ESPRIT stores its output files in a folderEspritOutput in your working directory. The output consists of three text files and one tarball. In the tarball, FASTA files with the MSAs of the hits ESPRIT found are stored. The other three files are explained in detail in Table 2.

Table 2: Contents of the ESPRIT output files
Filename Contents
params.txt

This file is kept as a reference and contains all parameters used in the current run.

hits.txt

All hits found by ESPRIT are listed in this file. It is a list of contigs, ordered according to their position relative to the putative ortholog. Each line describes one contig, the fields are separated by tabs. In the first field, the fragment pair ID is printed; the next two fields contain the labels of the first and second fragments found in this hit. The forth and fifth fields contain the label of the corresponding full gene and its genome name. Then follows the distance difference between the two fragments and the number of positions between them (i.e. the gap); at last, an array is listed containing the IDs of all s3 genes corresponding to this hit.

dubious.txt

ESPRIT often detects more candidate pairs than it will list in the hits.txt file, but not all of them survive the quality check.
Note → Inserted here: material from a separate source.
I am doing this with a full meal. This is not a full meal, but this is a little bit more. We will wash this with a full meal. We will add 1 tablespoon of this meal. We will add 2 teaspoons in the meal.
Still, if you want to see which triplets have been filtered out, have a look at dubious.txt where they are still listed. The file format is the same as for hits.txt .

Parameters

All parameters for OMA and/or ESPRIT are set in a parameters file. There is an example file in the OMA installer package; we encourage you to copy this file into your working directory and change it to your needs.
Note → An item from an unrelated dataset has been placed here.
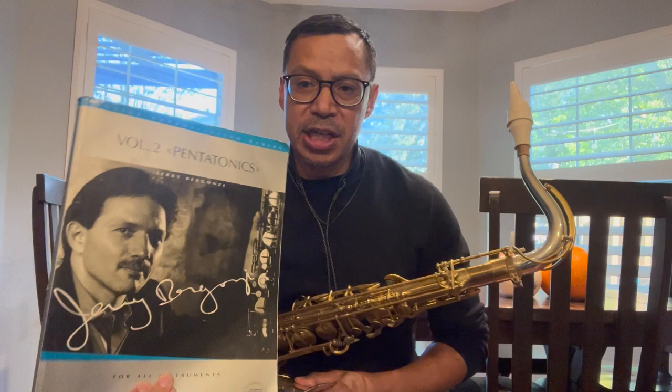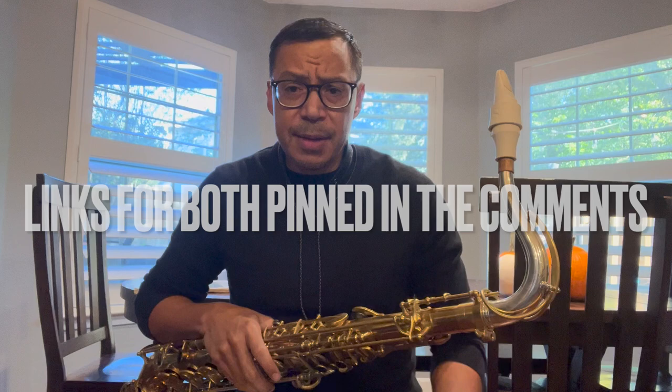There's tons of great practice material for this out in the world. I really recommend the Chad LB PDFs on this concept — they're outstanding. Also this book by the great Jerry Bergonzi called 'Inside Improvisation Series, Volume 2: Pentatonics.' Really great book. Those guys have explained the concept masterfully, way better than I could, and I just want to keep this short.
The parameter file consists of two main parts: First, general parameters for OMA are set; see Table 3 for detailed explanations. Second, more specific parameters that only affect the ESPRIT algorithm can be changed. These parameters are explained in Table 4. Note that changing the ESPRIT parameters will not have an effect unless you set the boolean variable UseEsprit to true .
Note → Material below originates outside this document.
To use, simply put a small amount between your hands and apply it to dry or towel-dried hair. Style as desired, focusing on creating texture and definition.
Table 3: General parameters in OMA
Parameter Meaning Default
ReuseCachedResults

If you want to recompute everything from scratch everytime the script is run, set this to false .

true
NP

In the all-against-all phase, each genome pair is split in NP parts. This allows for shorter milestone steps (e.g. in case of computer crash) and allows to parallelize jobs with few but large genomes.

4
MinScore

Alignments which have a score lower than MinScore will not be considered. The scores are in Gonnet PAM matrices units.

181
LengthTol

Length tolerance ratio. If the length of the effective alignment is less than LengthTol * min( length(s1), length(s2) ), then the alignment is not considered.

0.61
StablePairTol

During the stable pair formation, if a pair has a distance provable higher than another pair (i.e. StablePairTol standard deviations away) then it is discarded.

1.81
VerifiedPairTol

Length tolerance ratio. If the length of the effective alignment is less than LengthTol * min( length(s1), length(s2) ), then the alignment is not considered.

1.53
MinSeqLen

Any sequence which is less than MinSeqLen amino acids long in regular genomes is not considered.

50
Table 4: ESPRIT parameters
Parameter Meaning Default
UseEsprit

You can either set this to true , which will enable ESPRIT and shut down the parts of OMA that are not directly needed for ESPRIT, or set it to false to make no use of ESPRIT at all.

false
DistConfLevel

Confidence level variable for contigs. This is the parameter tol described in the paper.

2
MinProbContig

Minimal proportion of genomes with which contigs form many:1 BestMatches to consider that we might be dealing with fragments of the same gene. This is the parameter MinRefGenomes described in the paper, normalized by the total number of reference genomes.

0.4
MaxContigOverlap

Maximum overlap between fragments of same gene from different contigs.

5
MinSeqLenContig

Any sequence which is less than MinSeqLenContig amino acids long in contigs is not considered.

20
MinBestScore

Minimum best score for BestMatch in scaffold recognition.

250

License

OMA is licensed under a Creative Commons Attribution-Noncommercial-Share Alike 2.5 License. For more info, please consult the following page:

http://creativecommons.org/licenses/by-nc-sa/2.5/ch/

In a nutshell, OMA is free for non-commercial use.